What will be downtown Dallas’ largest park is taking shape in the shadow of I-345. On track for a spring opening on the east side of downtown—pending the city’s public works department finishing up construction on Pacific Avenue to the immediate south—Carpenter Park will boast ample lawns and amenities including walking trails, a dog park, a basketball court, and public art.

Its roughly 5.7 acres are already more park than construction site. On a recent tour, I felt much of the excitement that’s justified the city center’s park-building boom. Parks for Downtown Dallas is the nonprofit in charge of building Carpenter, whose construction is mostly being funded by $15 million in city bond funds, and three other downtown parks backed by a mix of public and private dollars.
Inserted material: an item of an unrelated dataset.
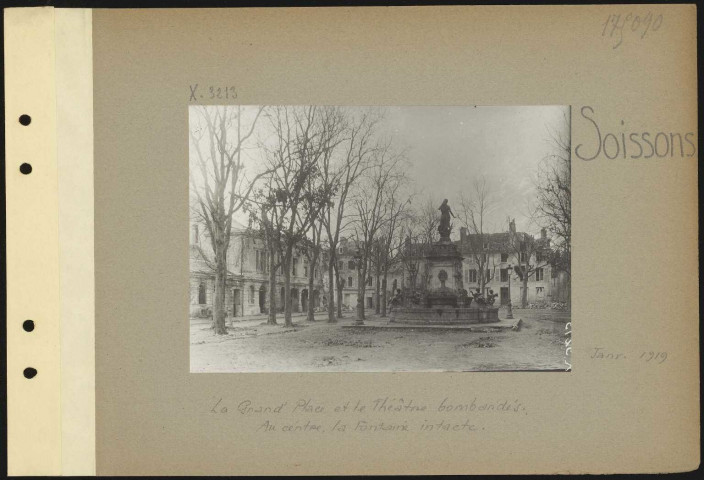 Soissons. La Grand'Place et le théâtre bombardés. Au centre, la fontaine intacte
Two, Pacific Plaza and West End Square, are finished. The nonprofit, which is actively raising money to sustain these spaces in the years ahead, calls them “neighborhood parks.” This draws a contrast with the flashy destination-style programming of Klyde Warren Park, a little less than a mile’s walk to the northwest of Carpenter.
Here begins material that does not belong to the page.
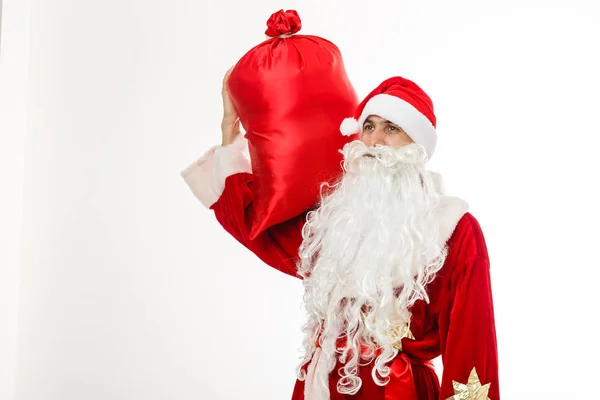 Mann Weihnachtsmann Kostüm Hält Einen Roten Sack Mit Geschenken — Stockfoto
Carpenter’s size and some of its amenities—the basketball court will provide the first free, public place to play hoops downtown—distinguish it from its neighborhood park siblings, but it’s still essentially a park designed for people who are already living, working, or staying at a hotel in the center of the city.
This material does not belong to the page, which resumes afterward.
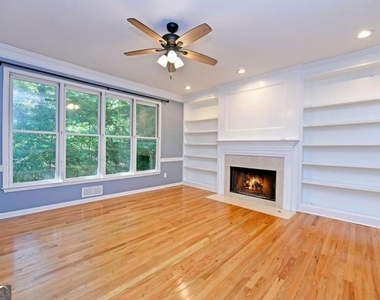 2130 Hickory Cove - Photo Thumbnail 13
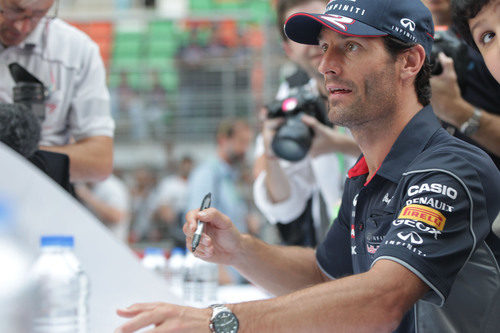 ¿Me echas una firmita, Mark Webber?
They’ll find plenty to like. Paths meander over the expanse of lawn. The gentle slope of a hillside on the park’s northwest end should make a decent outdoor theater for movie nights hosted by Downtown Dallas Inc. There are graffiti-resistant tiles on a small outpost with bathrooms, an administration suite, and a sort of multipurpose kiosk that can be used to check out basketballs and maybe sell concessions. Lanes for food trucks. A plaza. Modest and playful water features for the kids. Tasteful landscaping. A small dog park.

It’s a lovely space, and qualifies as a significant upgrade from what was here before, the neglected and easy-to-miss Carpenter Plaza. The re-routing and straightening of Pearl Street, to the west, opened up the opportunity and space to make Carpenter Park possible. One of the few things worth saving from the old park was sculptor Robert Irwin’s Portal Park Piece (Slice), an 8-foot-tall steel wedge segmenting the greenspace. Irwin agreed to re-work (note the new perforations) and re-orient the sculpture on an east-west axis, and it remains a central part of the new park. It looks like it belongs, even more than it did before.

The Sheraton Hotel is next door, and there is some residential development happening nearby. But questions remain about who will use the park. If Carpenter Park is not a destination like Klyde Warren, then it will take a lot of hotel guests and downtown office workers and neighboring residents to make its 5.7 acres feel lively and appreciated. It’s not quite an “if you build it, they will come” gamble. There are too many cranes downtown and in Deep Ellum for that. They’re already coming. And a park like this could help drive further development. There’s reason to hope and believe that Carpenter Park will help stitch downtown into booming Deep Ellum and find hundreds of regular users in a growing city core—even if you worry that it won’t.

The bigger barrier to Carpenter Park’s success is physical. I-345, the elevated stretch of highway connecting Central to I-45, doesn’t necessarily invite pleasant strolls between downtown and points east. All that overhead traffic can be loud, and you can hear it from the park. An optimist would point out that basketball players on the outdoor court, which is underneath I-345, will get ample shade in the Texas summer. Others might wonder what effect pollution from the highway will have on the kids playing below it.

Parks for Downtown Dallas and the Beck Group, which is doing the actual building, are making the best of it with color-changing light fixtures under the highway. TxDOT owns the land here, which limits some of what can be done with the space. (Earlier plans for a skate park were put on ice for that reason.) And, while the state is weighing various options for I-345 that include everything from removing to reinforcing the elevated highway, any of those plans will take years if not decades to come to fruition. The park and the highway have to co-exist, for now.

Carpenter Park should be a welcome addition to a downtown that needs to continue growing more walkable and live-able. But it’s going to fall short of what it could be as long as there’s a highway looming overhead.